We define risk as a condition of the real world in which there is an exposure to adversity.
First that in this definition risk is a condition of the real world; it is a combination of circumstances in the external environment. Also that in this combination of circumstances, there is a possibility of loss. When we say that an event is possible, we mean that it has a probability between zero and one; it is neither impossible nor definite. Also that there is no requirement that the possibility be measurable; only that it must exist. We may or may not be able to measure the degree of risk, but the probability of the adverse outcome must be between zero and one.
The undesirable event is described as "an adverse deviation from a desired outcome that is expected or hoped for." The reference to a desired outcome that is either expected or hoped for contemplates both individual and aggregate loss exposures. The individual hopes that adversity will not occur, and it is the possibility that this hope will not be met that constitutes risk. If you own a house, you hope that it will not catch fire. When you make a wager, you hope that the outcome will be favourable. The fact that the outcome in either event may be something other than what you hope constitutes the possibility of loss or risk.
In the case of an insurer, actuaries predict some specified number and amount of losses and change a premium based on expectation. The amount of predicted losses is the desired outcome that is expected by the insurer. For the insurer, risk is the possibility that losses will deviate adversely from what is expected.
Because the term uncertainty is often used in connection with the term risk (sometimes even interchangeably), it seems appropriate to explain the relationship between the terms risk and uncertainty.
The most widely held meaning of uncertainty refers to a state of mind characterised by doubt, based on a lack of knowledge about what will or will not happen in the future. It is the opposite of certainty, which is a conviction or certitude about a particular situation. A person says "I am certain," which means the same as "I am positive." Both statements reflect a conviction about the outcome. Uncertainty, on the other hand, is the opposite mental state. If one says "I am uncertain", the statement reflects the lack of knowledge about the outcome. Uncertainty, then, is simply a psychological reaction to the absence of knowledge about the future. The existence of risk - a condition or combination of circumstances in which there is a possibility of loss - creates uncertainty on the part of individuals when that risk is recognised.

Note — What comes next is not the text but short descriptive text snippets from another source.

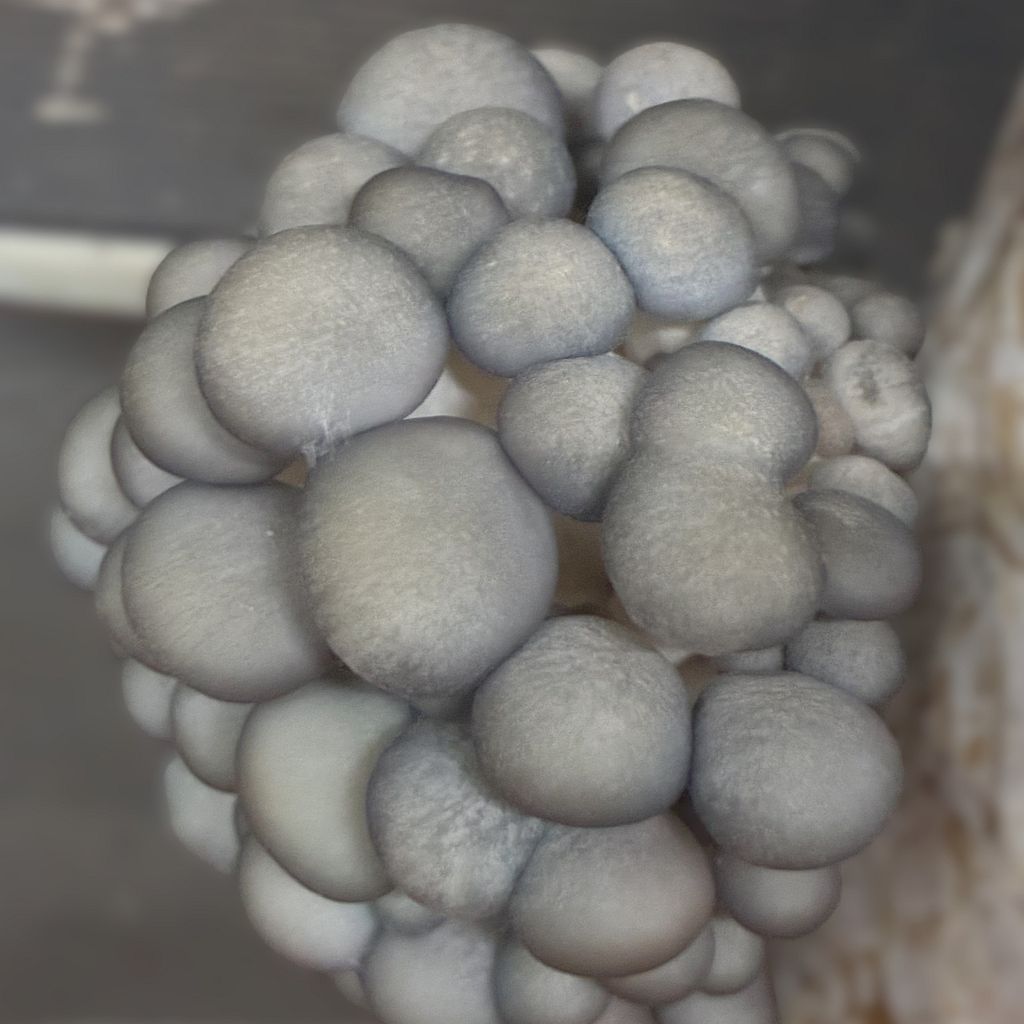 GROWTUB - Pearl Oyster Mushroom (Pleurotus ostreatus)
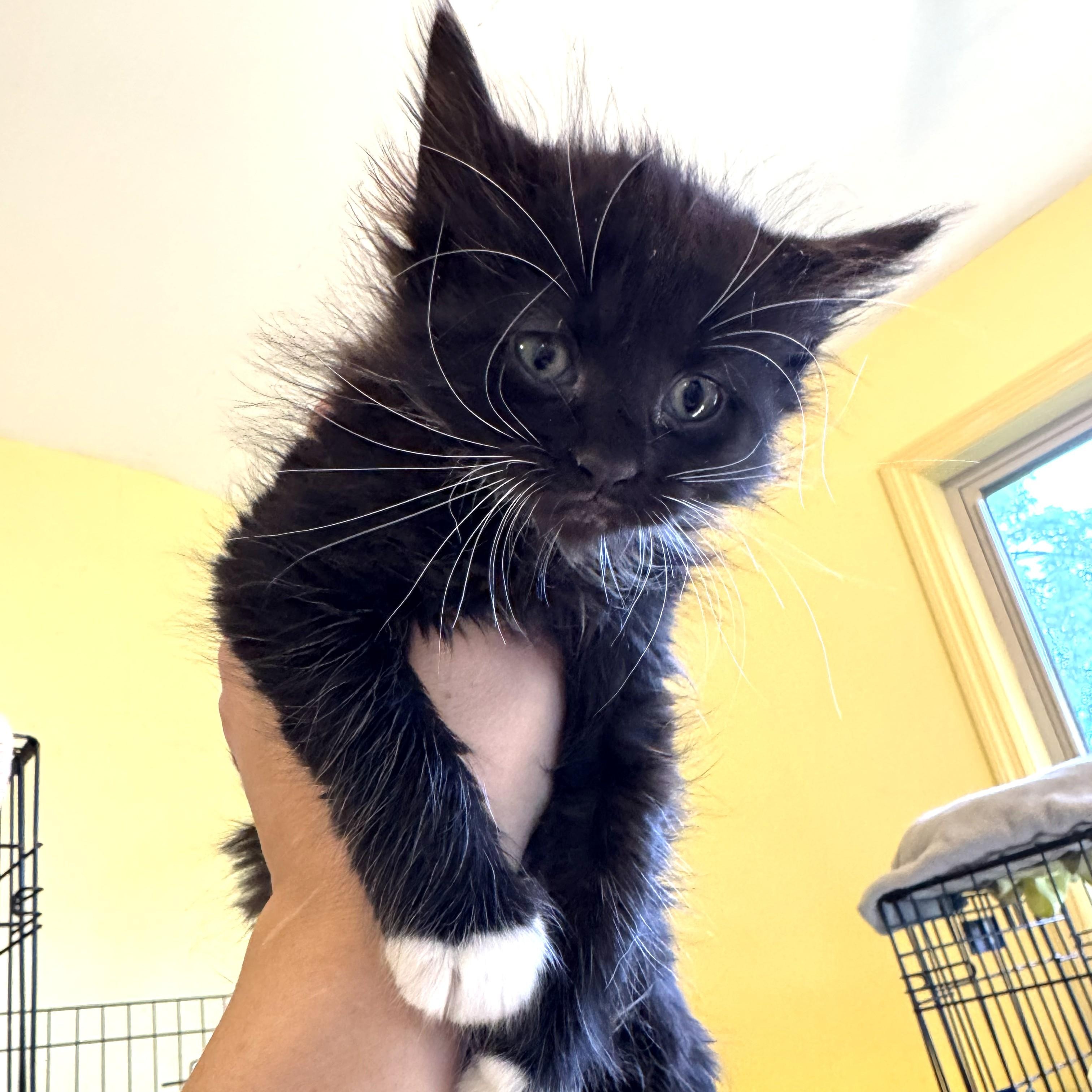 Maylin, adopted, Kitten Female Domestic Long Hair.
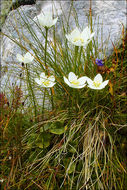 Image of Bog Star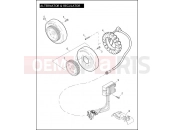 Harley-Davidson 2009 SPORTSTER SPORTSTER 1200R  - XL1200R ALTERNATOR & REGULATOR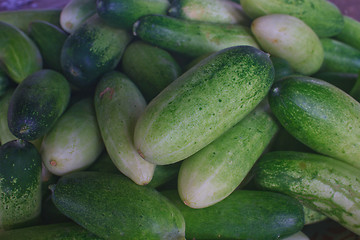 Image showing Fresh green cucumber collection on market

The individual's conviction or lack thereof (certainty or uncertainty) about a specific fact or situation may or may not coincide with the conditions of the real world. The person who says "I am certain" may actually get another outcome. Uncertainty varies with the knowledge and attitudes of the person. Different attitudes are possible for different individuals under identical conditions of the real world. It is possible, for example, for a person to experience uncertainty in a situation in which he or she imagines that there is a chance of loss, but where no chance of loss exists. Similarly, it is possible for an individual to feel no uncertainty regarding a particular risk when the exposure to loss is not recognised. Whether or not a risk is recognised, however, does not alter its existence. When there is a possibility of loss, risk exists whether or not the person exposed to loss is aware of the risk.

It is intuitively obvious that there are some situations in which the risk is greater than in other situations. Just as we should agree on what we mean when we use the term risk, we should agree on the way(s) in which risk can be measured. Precisely what is meant when we say that one alternative involves "more risk" or "less risk" than another?
It would seem that the most commonly accepted meaning of degree of risk is related to the likelihood of occurrence. We intuitively consider those events with a high probability of loss to be "riskier" than those with a low probability. This intuitive notion of the degree of risk is consistent with our definition of risk. When risk is defined as the possibility of an adverse deviation from a desired outcome that is expected or hoped for, the degree of risk is measured by the probability of the adverse deviation. In the case of the individual, the hope is that no loss will occur, so that the probability of a deviation from what is hoped for (which is the measure of risk) varies directly with the probability that a loss will occur. In the case of individual, we measure risk in terms of the probability of an adverse deviation from what is hoped for. Actuarial tables tell us, for example, that the probability of death at age 52 is approximately 1 percent and that at age 79 it is about 10 percent. At age 97, the probability of death increases to nearly 50 percent. Using the probability of an adverse deviation from the outcome that is hoped for, we view the risk of death at age 79 as greater than that at age 52, but less than that at age 97. The higher the probability that an event will occur, the greater is the likelihood of a deviation from the outcome that is hoped for and the greater the risk, as long as the probability of loss is less than one.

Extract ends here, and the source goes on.